Habe kürzlich mi der 2008er beta2 x86_64 neu installiert, und seitdem ist es mir noch nicht gelungen die nvidia-settings erfolgreich zu compilieren (verschiedenen Versionen). Das konnte ich bisher meist umschiffen, z.B. durch setzen des -gtk use flags beim emergen der nvidia-drivers, da diese stets die nvidia-settings als Abhängigkeit mit installieren wollen.

Nun muss ich aber mal ein emerge --update --newuse --deep world durchführen, und das brich dann stets bei den nvidia-settings ab.
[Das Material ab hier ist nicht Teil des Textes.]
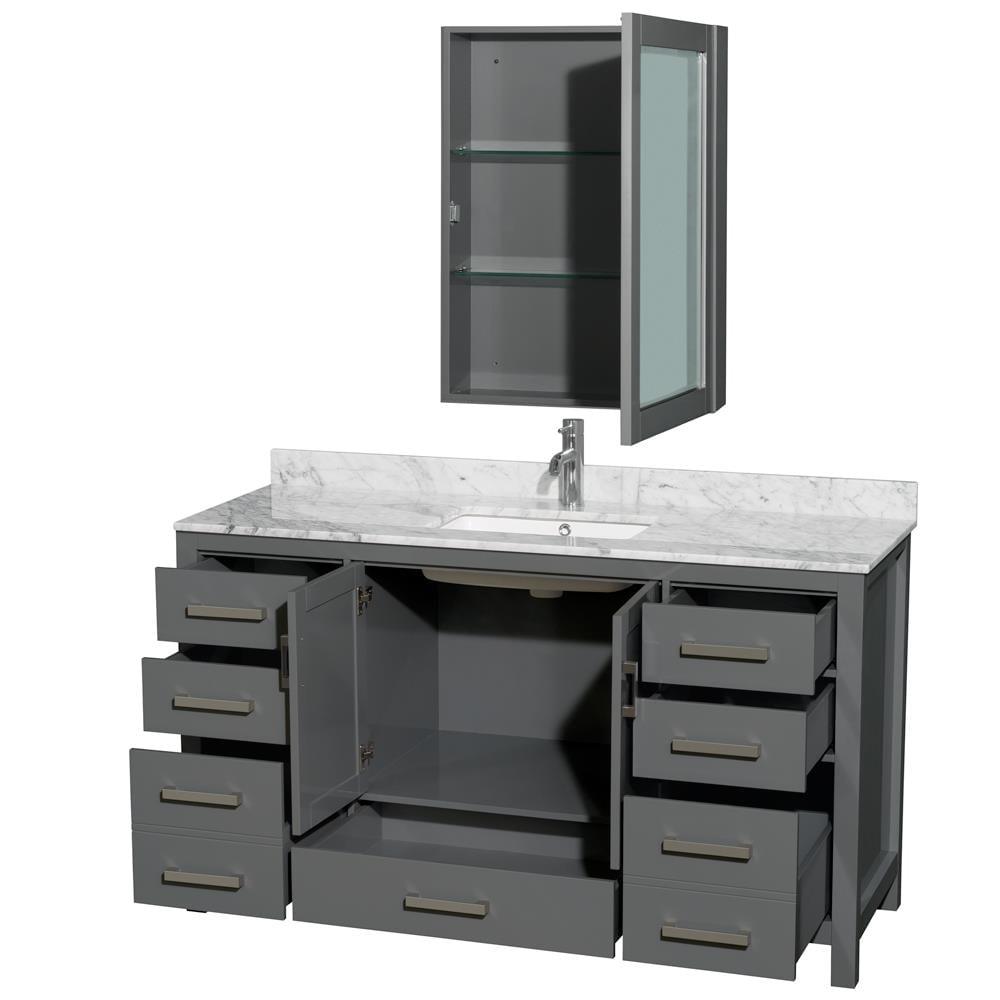 Wyndham Collection Sheffield 60-in Dark Gray with Brushed Chrome Trim Undermount Single Sink Bathroom Vanity with White Carrara Marble Natural Marble Top (Mirror Included)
Leider gelingt es mir nicht dann mit emerge --resume --skipfirst dort fortzusetzen, so wie sonst, z.B. nach einem revdep-rebuild (warum eigentlich nicht?)

Auch mit package.use und package.mask bin ich nicht weiter gekommen, daher denke ich es ist mal der Zeit die Ursache für das nichtbauen von nvidia-settings zu finden und auszumerzen, bitte daher um eure Unterstützung, da mir die Ideen ausgehen.

Hab auch schon versucht ohne aktives ccache zu kompilieren, hat aber nichts gebracht. revdep-rebuild ist auch schon durch, ohne Erfolg.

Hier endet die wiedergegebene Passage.